I hope you brought enough ocean
for the *rest* of the class!
("Water, Water, Everywhere...")
Louis and Henri escape from a prison on a remote South American island and head for the beach. They've bribed a guard to place a small boat at the beach so they can make their getaway but the guard has betrayed them and put only a smattering of fuel in the vehicle. The boat sputters and Henri and Louis are stuck in the middle of the ocean with "Water, Water, Everywhere . . . And Not a Drop to Drink!" The blazing sun drives Henri mad and he drinks the sea water, forcing Louis to shoot his friend and dump the body out of the boat. Determined not to lose his mind like Henri, Louis shoots himself just minutes before another boat approaches. The skipper tells his first mate that the dead man must not have realized that they were on the Amazon River and the water all around is fresh. In part two of this "EC Quickie," Louis and Henri escape from a prison in the Sahara desert and the jeep they are riding in runs out of gas. Henri goes mad, seeing mirages, and wanders off while Louis, again determined not to make the same mistakes, sits back against the jeep and shoots himself in the head. The bullet pierces the radiator and drips water on the face of Louis's corpse. One of the better installments of the "EC Quickie" series, helped along by George Evans's ghoulish art (the emaciated partners look like corpses long before they're dead) and a couple of genuinely good twists.

"Ben's Being Useful"
Lyrics by Helen Nesbitt
("Hail and Heart-y!")
Ben Storch is a lazy, good-for-nothing so-and-so who won't lift a finger to do chores or yard work, leaving the entirety of the maintenance to his overworked wife, Anna. Sure, Mr. Danbury will help Anna now and then (bless his soul!) but usually, after putting in a long day at the office, it's a long night's work around the house. Ben uses his weak heart as a crutch but, as his wife reminds him, changing a light bulb isn't that stressful! After a particularly grueling morning of shoveling snow, Anna heads off to work but is forced to stop at Doc Brewster's when she gets a sharp pain in her chest. The Doc reminds Anna that she isn't getting any younger and should try to rest a bit more but the exhausted woman reminds Brewster that Ben's heart forces her to do all the chores. The Doc chuckles and tells her that Ben has just been examined recently and all that ailed the lazy slob was indigestion--Ben's heart is "as strong as a man's half his age . . ." When Anna gets home, she beckons Ben to the cellar, where she chops him up with an axe. Later that day, Mr. Danbury sees Anna spreading ashes on the icy sidewalk and (choke!) finds a gold tooth on the path! I've said it before and I'll doubtless say it again (well, yes, I hear you comment with a heavy sigh, you're about to say it right now): it's hard to invest in some of these little seven-page morality fables when the sides are not evenly drawn.

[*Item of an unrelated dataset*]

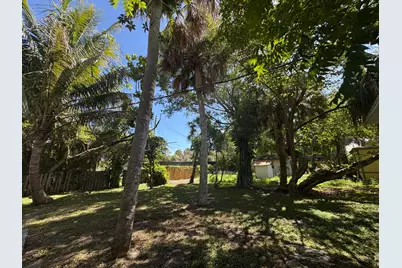 1010 Mayflower Road, Fort Pierce, FL 34950 - Photo 19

Peter, contemplating the reading
of another Grim Fairy Tale.
("Water, Water, Everywhere...")
Anna's ascending list of neglected chores that opens the story (I asked him to clean the screens . . . It isn't hard to rake the leaves . . . I told him the door hinges needed oiling . . . Couldn't he change the bulb?) and Ben's behind-the-back grins and mugging at Anna's toiling make for a character devoid of any sympathy and, frankly, believability. The mental breakdown and violent transformation of Anna are a given from page one; the only question being how the act would manifest itself in the final panels. Poor Ghastly seemed to be handed quite a few of these predictable plays around this time and did the best he could with them. But the finale, of a nutty Anna strewing Ben's ashes here and there, does not make for one of Ghastly's grimmest realizations. --Peter

Jack: Overall, this is a strong issue of Crime SuspenStories. I thought the Craig story was superb, a great story of revenge without an annoying final twist. The Bradbury adaptation was my favorite so far and is a perfect vehicle for Kamen's art. The two Quickies are better than average, as well, with strong Evans art and--at least in the first part--an unexpected conclusion. I guess that in the 1950s, jeep radiators ran on potable water. The Ingels story is, as so many of his stories are, kind of blah until the great finish; one of the more surprising things I've discovered as we read our way through every EC comic is that Ingels is not as reliably good as I remembered.

Jose: I prayed that all the homosexual subtext I felt like I was picking up in “While the Cat’s Away…” was only in my mind. So the back doors to Jay’s and Dick’s houses face each other and are frequently brought up in conversation… So what? Not to mention Jay waking up in the middle of the night and going to Dick’s bedroom with the idea that his best pal will be in the middle of getting dressed for work. “What of it?” I ask you. And then there’s of course the title, which some liberal deviant could easily posit has more to do with Jay’s hopes of leaving his wailing minx of a wife than Emma’s own desires to have a little alone time with her hubby’s BFF. In a measure of ultimate bad taste, this same deviant would probably propose that a better title for this piece would be “Everybody Loves Dick!” Thankfully, we here at bare*bones don’t take to this kind of low humor or the presence of abnormal sexuality in our funny books, so it’s nice to have Peter’s reassurance that this is nothing but wholesome, safe American entertainment.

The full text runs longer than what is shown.